Rating - *** - It’s a toss-up between this and Sydal/Delirious from DOD3 as my favourite DOD match. This was great – psychology, selling, big moves etc. The only reason I didn’t go higher with it was because rather than work the match at a sensible pace, it felt like they sped their way through it trying to fit as much in as possible. It just meant the match came off as a little more head-droppy, and less intelligent than it needed to be (not that that’s anything new for a Kevin Steen match). Incidentally, this is easily the best ROH performance out of either one of these. I actually think Steen has some potential on the main roster – in a Jimmy Rave kinda way. He has talent, but he also has ‘you suck, we hate you’ heat from the fans, just like Rave did before he joined The Embassy. He was given an angle that worked and booked in matches to protect his weaknesses until he developed. If Steen was given similar treatment he’d really get over. B-Boy…meh, we already have Homicide.


Homicide vs Antonio Banks – FIP Heavyweight Title Match

The Notorious 187 maybe a heel in ROH, and in February 05 may well have been embroiled in a heated feud with Bryan Danielson, but in FIP he’s one of the top babyfaces, and the Heavyweight Champion having one a tournament at the first shows with Gabe as booker. Banks would go on to become MVP. He won some form of tournament to get this shot I recall.
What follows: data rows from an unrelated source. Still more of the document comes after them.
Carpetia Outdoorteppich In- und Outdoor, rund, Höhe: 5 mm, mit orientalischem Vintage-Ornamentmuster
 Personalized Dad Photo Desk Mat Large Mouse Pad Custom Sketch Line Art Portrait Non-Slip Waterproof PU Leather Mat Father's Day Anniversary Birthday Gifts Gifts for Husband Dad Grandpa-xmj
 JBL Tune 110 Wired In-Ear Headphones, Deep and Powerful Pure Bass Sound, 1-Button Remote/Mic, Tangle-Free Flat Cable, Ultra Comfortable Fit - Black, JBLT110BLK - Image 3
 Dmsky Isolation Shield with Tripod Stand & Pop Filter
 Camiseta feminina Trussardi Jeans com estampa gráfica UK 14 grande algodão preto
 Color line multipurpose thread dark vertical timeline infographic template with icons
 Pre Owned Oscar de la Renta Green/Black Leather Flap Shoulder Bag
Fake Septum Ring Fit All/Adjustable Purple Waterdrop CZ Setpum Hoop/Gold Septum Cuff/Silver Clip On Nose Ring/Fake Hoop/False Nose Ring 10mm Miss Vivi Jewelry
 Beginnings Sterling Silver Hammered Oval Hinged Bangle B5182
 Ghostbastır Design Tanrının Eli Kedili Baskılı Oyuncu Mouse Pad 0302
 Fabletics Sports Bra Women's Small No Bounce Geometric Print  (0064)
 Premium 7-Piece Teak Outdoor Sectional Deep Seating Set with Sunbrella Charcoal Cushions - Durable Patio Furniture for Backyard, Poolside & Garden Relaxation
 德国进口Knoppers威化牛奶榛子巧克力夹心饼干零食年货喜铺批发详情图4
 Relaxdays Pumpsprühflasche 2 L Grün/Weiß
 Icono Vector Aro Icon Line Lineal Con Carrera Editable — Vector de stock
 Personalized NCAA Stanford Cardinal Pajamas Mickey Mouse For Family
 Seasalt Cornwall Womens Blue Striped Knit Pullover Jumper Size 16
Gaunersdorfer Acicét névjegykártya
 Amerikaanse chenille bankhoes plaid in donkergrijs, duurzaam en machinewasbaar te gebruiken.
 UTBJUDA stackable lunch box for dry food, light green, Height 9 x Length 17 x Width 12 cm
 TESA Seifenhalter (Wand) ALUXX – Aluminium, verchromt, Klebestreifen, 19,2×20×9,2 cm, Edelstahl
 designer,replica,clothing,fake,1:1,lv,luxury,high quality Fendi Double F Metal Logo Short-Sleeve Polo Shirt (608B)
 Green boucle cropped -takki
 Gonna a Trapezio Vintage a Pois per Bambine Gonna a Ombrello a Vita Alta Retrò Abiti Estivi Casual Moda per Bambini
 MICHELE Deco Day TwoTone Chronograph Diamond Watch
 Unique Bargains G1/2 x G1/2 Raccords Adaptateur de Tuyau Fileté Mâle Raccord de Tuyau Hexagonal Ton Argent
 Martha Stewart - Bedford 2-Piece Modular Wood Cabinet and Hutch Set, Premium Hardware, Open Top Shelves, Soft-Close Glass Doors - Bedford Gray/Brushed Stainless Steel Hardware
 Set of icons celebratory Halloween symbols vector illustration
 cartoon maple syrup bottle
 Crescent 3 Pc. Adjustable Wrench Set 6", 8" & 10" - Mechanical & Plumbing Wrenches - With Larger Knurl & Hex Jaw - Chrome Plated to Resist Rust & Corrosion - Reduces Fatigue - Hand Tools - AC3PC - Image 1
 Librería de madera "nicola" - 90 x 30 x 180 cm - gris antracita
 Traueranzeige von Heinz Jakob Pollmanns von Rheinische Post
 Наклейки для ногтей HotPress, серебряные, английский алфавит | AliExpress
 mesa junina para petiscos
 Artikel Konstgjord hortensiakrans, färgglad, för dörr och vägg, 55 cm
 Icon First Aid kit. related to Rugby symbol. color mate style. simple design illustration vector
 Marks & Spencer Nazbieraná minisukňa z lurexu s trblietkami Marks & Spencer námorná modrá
Can he impress to add ROH to the list of places he frequently works? Homicide has Rocky Romero in his corner with him – so I’d suggest he’ll be working heel tonight in front of ROH fans.


Banks has a clear size advantage and uses it on Cide early on. Homicide goes to the floor to throw a Red Sox hat about. Antonio is naïve and chases him out though, allowing Homicide to just slide back in and stomp on his head. Using his sheer power Banks is able to take the advantage again though. Satellite headscissors from Cide, then the TOPE CON HILO! He comes off the top to drive a knee into the back of Banks’ head for a 2 count. A fallaway slam gets Antonio 2, although he doesn’t seem interested in selling the neck Homicide just worked over. Slingshot facewash as Cide hanging through the ropes. He continues to dictate the pace with a big delayed vertical suplex, but foolishly goes for it a second time. Cide knees his way free…and runs into a sidewalk slam. He eventually floors Banks with a swinging DDT from the second rope. That’s succeeded with an Ace crusher then a running knee in the corner. Banks gets 2 again with a bridging German. MESSY back drop driver by Homicide. Antonio blocks the Lariat with a Fujiwara armbar. Cide goes for a hurricanrana only to be driven to the mat again with a spinebuster. Antonio is really not too good by the way. Homicide distracts the ref and low blows the big guy. PILEDRIVERS f*ck him up some more. Banks no sells the Lariat THREE F*CKING TIMES so Cide kicks him in the balls again. A fourth Lariat means Homicide retains at a long-feeling 12:17.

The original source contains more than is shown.